November 7, 2022 • 5 minute read •

Adding Types to a Large Python Codebase

Name: Sean Mackesey
Handle

Python is one of the world’s beloved programming languages. Dynamic typing makes it easy to learn and fast to build with. Its popularity has led to its use in some of the most advanced AI systems and web applications on the planet.

However, traditional dynamically typed Python code struggles at scale. Specifically:

Refactoring is painful. It is challenging to refactor any large dynamically typed codebase. This is because dynamically typed code can’t be processed with the sort of static analysis and refactoring tools widely available in statically typed languages (e.g. Java, C#). These tools support automatic symbol renaming, reference lookup, edit-time type-checking etc.
It’s hard to ensure correctness. Dynamically typed Python code is difficult to check for correctness. The best available method is to write comprehensive automated tests, but writing and maintaining a large test suite is expensive. Tests are also often too slow to provide feedback while editing in the same way as static analysis tools, allowing errors to compound for longer.

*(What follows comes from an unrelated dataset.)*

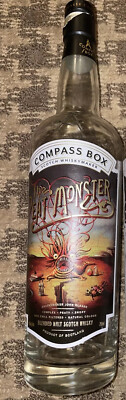 Compass Box Scotch Whisky Peat Monster EMPTY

Python is not the only language with these problems. The world’s most popular language, JavaScript, is in the same boat. TypeScript, a statically typed variant of JavaScript first released in 2012, has taken the JavaScript world by storm. Typescript added rich type annotations to Javascript, which opened the door to refactoring and static analysis tools that facilitate development and maintenance of large Javascript projects.

MyPy the most popular type checker for Python.

That same year, Jukka Lehtosalo presented mypy, a project that promised to bring similar benefits to Python. Two years later, mypy-inspired type annotations became a Python standard with PEP 484 in Python 3.5, with improvements released in each subsequent major version of Python. Today in 2022, there are a variety of mature type-checking tools (e.g. mypy, pyright, pyre) that consume Python type annotations, and libraries are increasingly expected to provide a type-annotated public interface.

📚 The Dagster story
💻 Step 1: configure a language server
✅ Step 2: mark published package with py.typed
📖 Step 3: formalize public API
🔌 Step 4: set up CI
🏦 Step 5: annotate!
🏆 The payoff

📚 The Dagster story

Development of Dagster started in 2018, before type-annotating Python code was a best practice. We wrote thousands of files containing hundreds of thousands of lines of code without types. At some point we started including types with most new code, but crucial older parts of the codebase remained untyped. As Dagster grew in scale and popularity, both our developers and users started to suffer from the lack of type annotations. Developers struggled to orient themselves in unfamiliar parts of the codebase, and users struggled to master Dagster’s many APIs.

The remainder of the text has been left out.